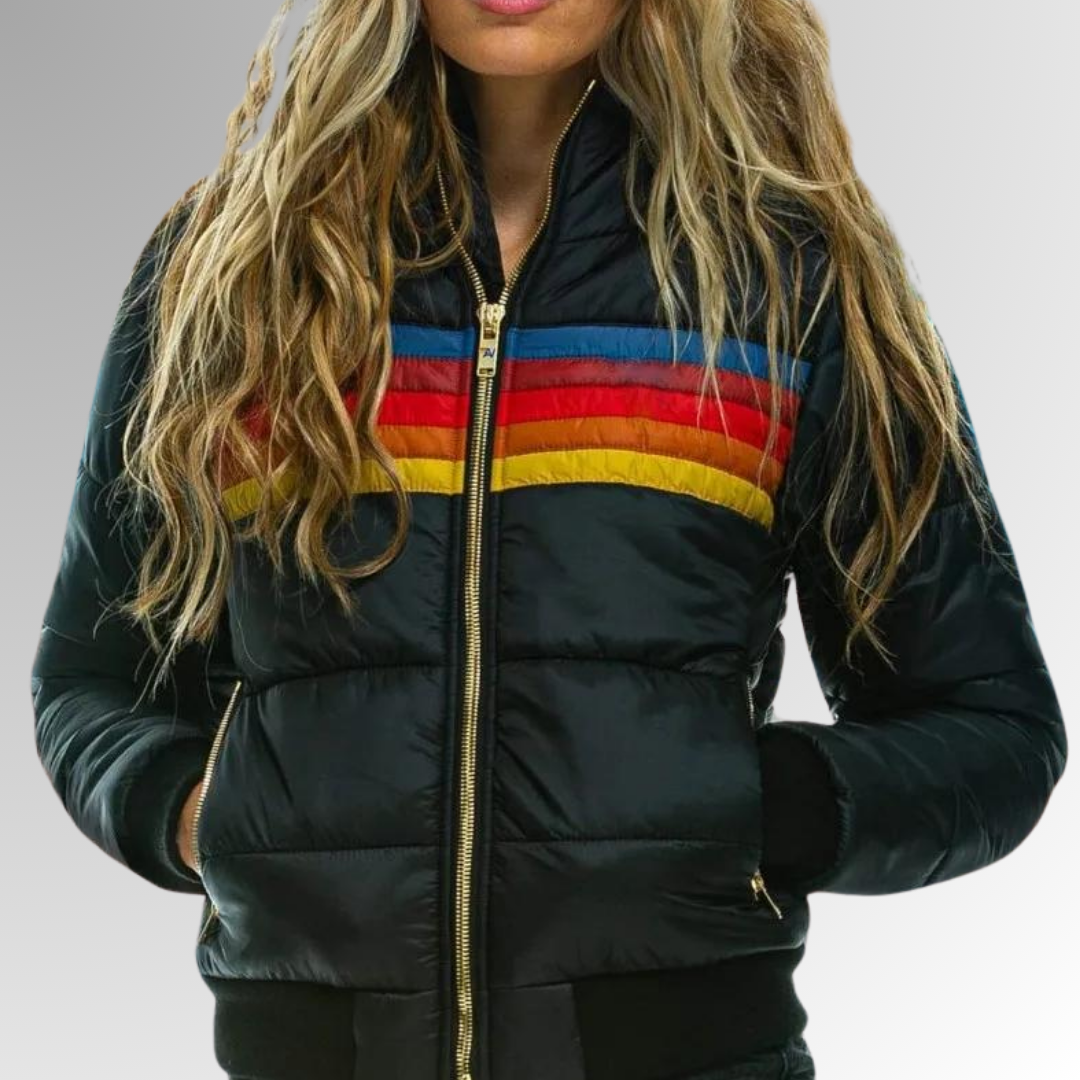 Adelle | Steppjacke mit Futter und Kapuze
-=-=-
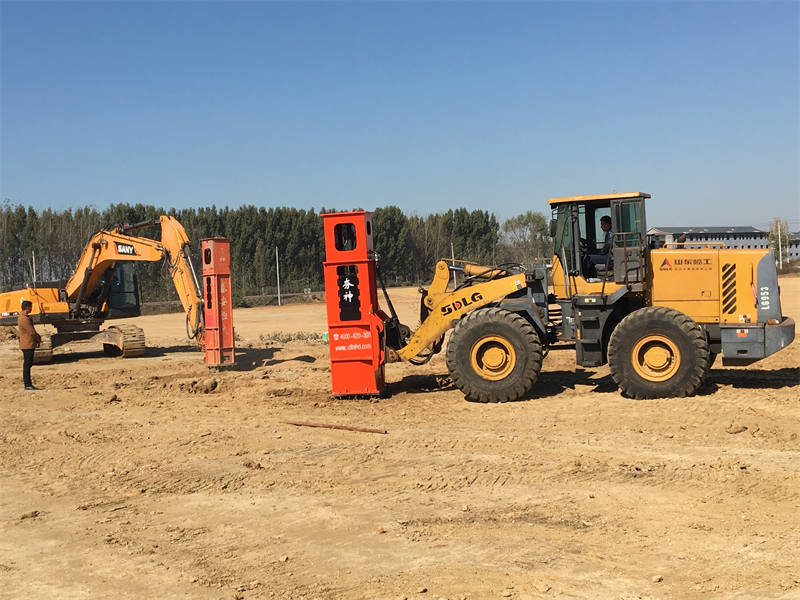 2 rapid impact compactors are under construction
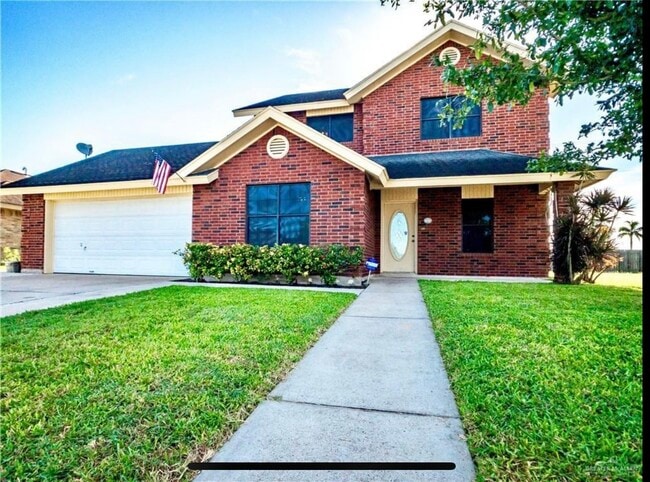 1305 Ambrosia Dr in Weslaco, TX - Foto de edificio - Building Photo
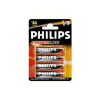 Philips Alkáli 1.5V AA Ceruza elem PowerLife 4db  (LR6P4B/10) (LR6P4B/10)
-=-=-
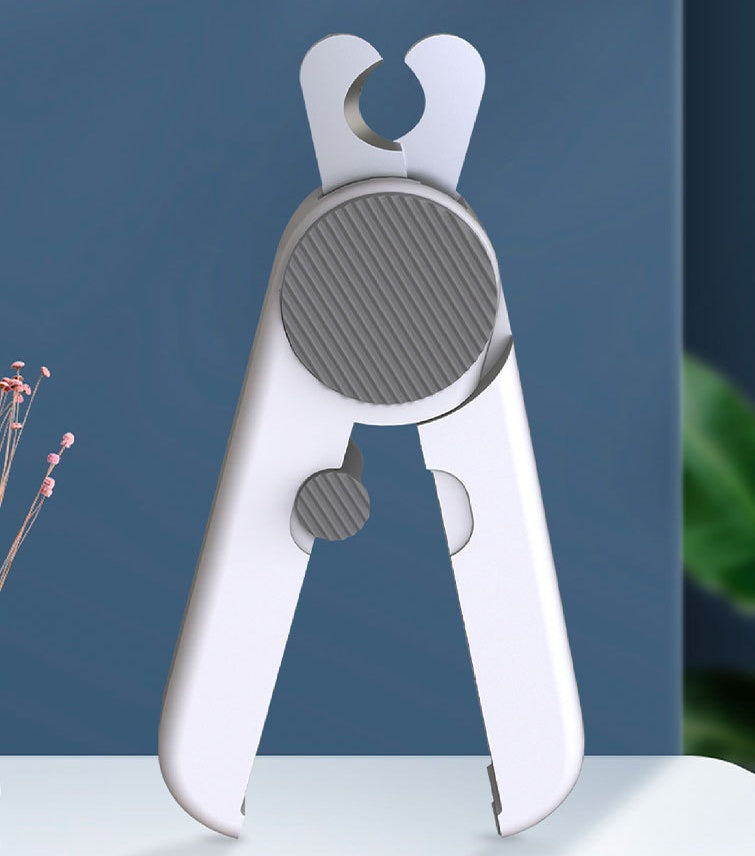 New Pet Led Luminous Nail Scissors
-=-=-
Instructions for the task: Looking above, find the stretch of lines that opens with the one holding "1305 Ambrosia Dr" and closes with the one holding "Philips Alkáli 1.5V". Copy it exactly, pictures excluded.

Response to the exercise:
 1305 Ambrosia Dr in Weslaco, TX - Foto de edificio - Building Photo
 Philips Alkáli 1.5V AA Ceruza elem PowerLife 4db  (LR6P4B/10) (LR6P4B/10)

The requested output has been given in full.